◆ Exercise aim
With pictures left out, output exactly the lines of the listing below from the line that has "Cookies with Milk" to the line that has "Smoke trails rising", both lines kept.
** Opening Data for review block **
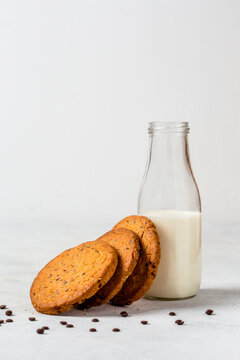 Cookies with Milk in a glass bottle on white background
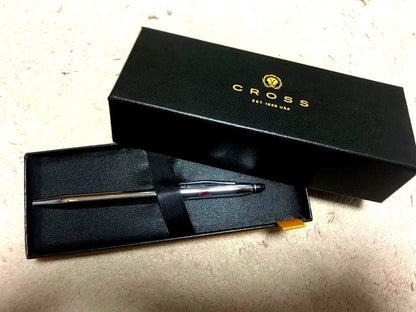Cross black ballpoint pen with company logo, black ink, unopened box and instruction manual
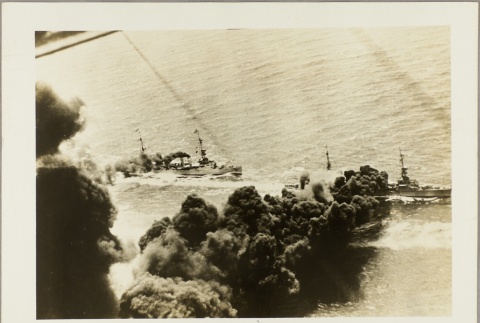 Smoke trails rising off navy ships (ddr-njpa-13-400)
** Closing Data for review block **
** Opening Data for review block **
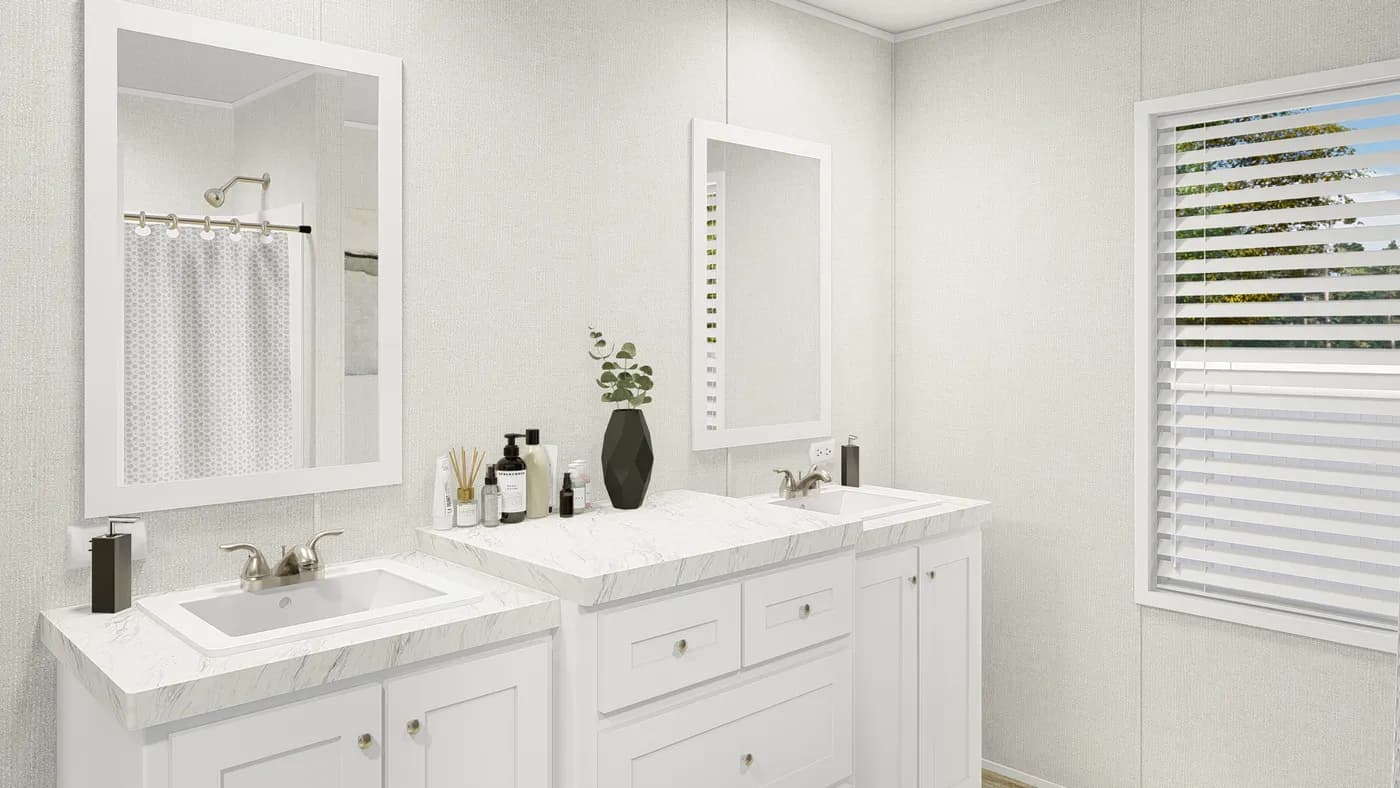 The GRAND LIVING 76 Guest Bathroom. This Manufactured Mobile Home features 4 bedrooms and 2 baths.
** Closing Data for review block **
◆ Response to this task
 Cookies with Milk in a glass bottle on white background
Cross black ballpoint pen with company logo, black ink, unopened box and instruction manual
 Smoke trails rising off navy ships (ddr-njpa-13-400)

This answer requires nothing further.